11. II. The second point is, THE STRANGE WORKINGS OF DIVINE GRACE.
12. God is about to have mercy on poor fallen Israel, so what does he say? “I will allure her, and bring her into the wilderness.” This may seem to some a strange way of showing his love, yet it is not an unusual one, for it is the common method by which God reveals his love towards his chosen ones. You will, perhaps, smile when I make the observation that there was nothing which a Roman slave more anxiously desired than to have a box on the ear from his master. “That was an unusual desire,” you will say; yet that box on the ear was the object of the morning and evening prayer of many a slave in Rome; for, you must know, if a master once gave his servant a box on the ear, he was free from that day on, and was no longer a slave. Now, that strange method of freeing a slave is analogous to what God uses when he is about to set free one of Satan’s bondsmen.
13. He first of all gives us the blow of conviction, and then he gives us the liberty of grace. Is it not exceptional that God should begin to show his love for his people by taking them into the wilderness? Is it not a strange display of divine favour that he should bring us, not into Canaan, not to the grapes of Eshcol, not to all the riches of the land which flowed with milk and honey, but that he should bring us, first of all into the wilderness? Your experience, if you are a child of God, will help you to understand this.
14. “The wilderness” may be explained like this: — when God is about to save a man, he first of all brings him into a state of spiritual destitution. He thinks himself rich and increased in goods, and that he has need of nothing; talk to him about the sinful state of a natural man, and he is insulted; he says he is as good as his neighbours, he does not know that he has much to confess when he is on his knees; indeed, he hardly sees the use of confessing to God at all. If such as he does not get to heaven at last, he does not know who will! Now, when God intends to have mercy on a man of that kind, instead of feeling that he has every virtue and all strength, suddenly he finds himself without one good thing to commend himself to God; and, worse than this, he finds that he has no strength to perform a single good act. “Oh!” he says, “I once thought I could repent and believe whenever I pleased; but, now, all my strength is gone, my heart is hard, and I can scarcely compel a tear to flow.

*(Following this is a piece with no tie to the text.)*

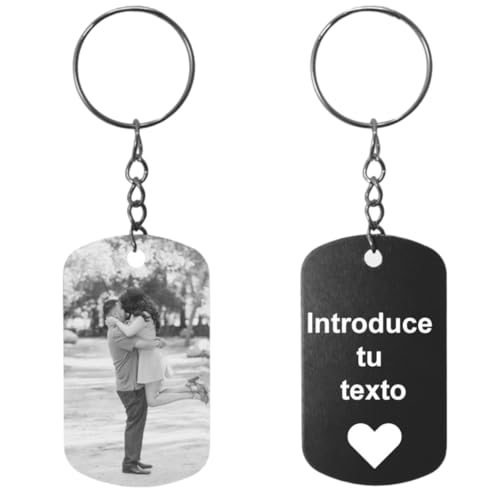 Genérico Llavero Personalizado con Foto – Detalle para Parejas, Regalo para Novio o Novia, Llavero con Imagen – Ideas Originales, Regalo Único Personalizable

I imagined that, in the last moment of my life, I could say, ‘Oh God, have mercy on me!’ and that then I would be saved; but, now, I find faith to be quite another thing from what I thought it was. Now I am stripped of all self-confidence, my beauty is departed, I must robe myself in sackcloth, and cast dust and ashes on my head; my soul is spiritually shut up, I find no food, nothing comes from within, and nothing comes from without.” This state of spiritual destitution is represented by this wilderness state.
15. Moreover, by the wilderness, doubtless, is meant affliction, for very often when God intends to bring a man to himself, he sends affliction on him. This is the good Shepherd’s black dog with which he brings his wandering sheep back to him; it comes howling after us, and biting at our heels, and then we flee away to Christ. How many there are among you who were first brought to repentance by the loss of your property, or the death of someone dear to you! If everything had gone on smoothly, the stream would have wafted you along down to the gulf of black despair; but, suddenly, the flood boiled around you, and the tempest gathered above your devoted head; then you cried to God in your trouble, your losses were more than repaid, your God was found, and your soul was saved. Happy are you who lose a fortune to find a Saviour! Blessed is the burial of a friend, or relative, that leads to the new birth of our own souls, and brings us to trust in the Lord Jesus Christ! Many of us have good reason to bless that rough right hand of God which has struck us so sternly, but which has always been moved with love whenever it has given us a blow of chastisement.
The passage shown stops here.